Cin-Ty Lee

Current Fellow

Fellow: Awarded 2017

Field of Study: Earth Science

Competition: US & Canada

Cin-Ty Lee is a professor of geochemistry at Rice University in Houston, Texas, where he is now department chair. He received his Bachelor’s degree from the University of California, Berkeley in geology and his PhD from Harvard University in geochemistry. He was a post-doctoral fellow at the California Institute of Technology. He studies the compositions of rocks to reconstruct how Earth’s interior, surface, atmosphere and life have evolved through time. Specifically, his interests lie in understanding how mountains and continents form, how the Earth’s deep interior has differentiated, and how deep Earth processes modulate long-term climate and Earth’s habitability. He has published over 100 papers on topics ranging from whole Earth carbon cycling, rise of atmospheric oxygen, formation of ore deposits, coupling between magmatism and erosion, temperature of the Earth’s mantle, and the origin of granites. For the Guggenheim, he will be investigating how and when continents emerged from the oceans and the effect of emergence on the evolution of whole Earth cycling of life-giving nutrients. He will also be exploring his new interests in crystal growth and kinetics in magmatic and hydrothermal conditions. He is a fellow of the Mineralogical Society of America and the Geological Society of America and has been awarded the Kuno Medal from the American Geophysical Union, the Clarke Medal from the Geochemical Society, the Donath Medal from the Geological Society of America and the Packard Fellowship. He was a Mineralogical Society of America Distinguished Lecturer, the Shen-Su Sun Lecturer of the Chinese Geochemistry Society, the Agassiz Lecturer (Harvard) and the Mutch Lecturer (Brown University). He has been a Miller Visiting Professor at UC Berkeley and a visiting professor at the University of Tokyo and the Academic Sinica in Taiwan.

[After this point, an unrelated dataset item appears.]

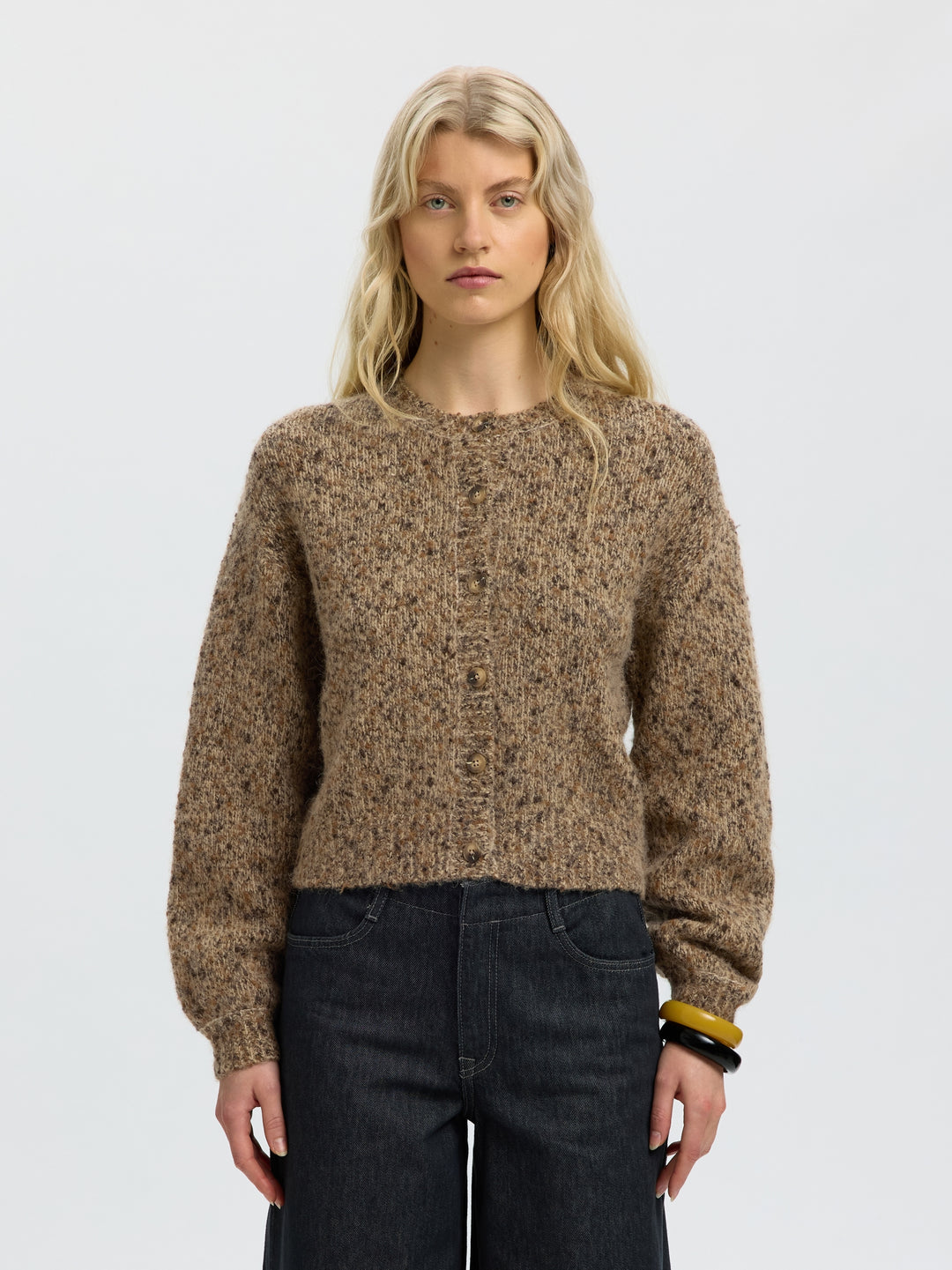 SLWKAT LS KNIT SHORT CARDIGAN, Travertine/Delicioso and Toffee 271795002 Bild 2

Lee is an avid birder, spending much of his spare time in search of birds around the world and painting birds and other natural history subjects in his home studio. He has published numerous articles on field identification of such difficult complexes as Arctic and Pacific Loons, female orioles, American and Siberian Pipits, and dowitchers. He is currently working on a new guide to the identification of Empidonax flycatchers. He donates his paintings and his time in teaching courses and leading field trips for conservation-oriented non-profit organizations and local schools.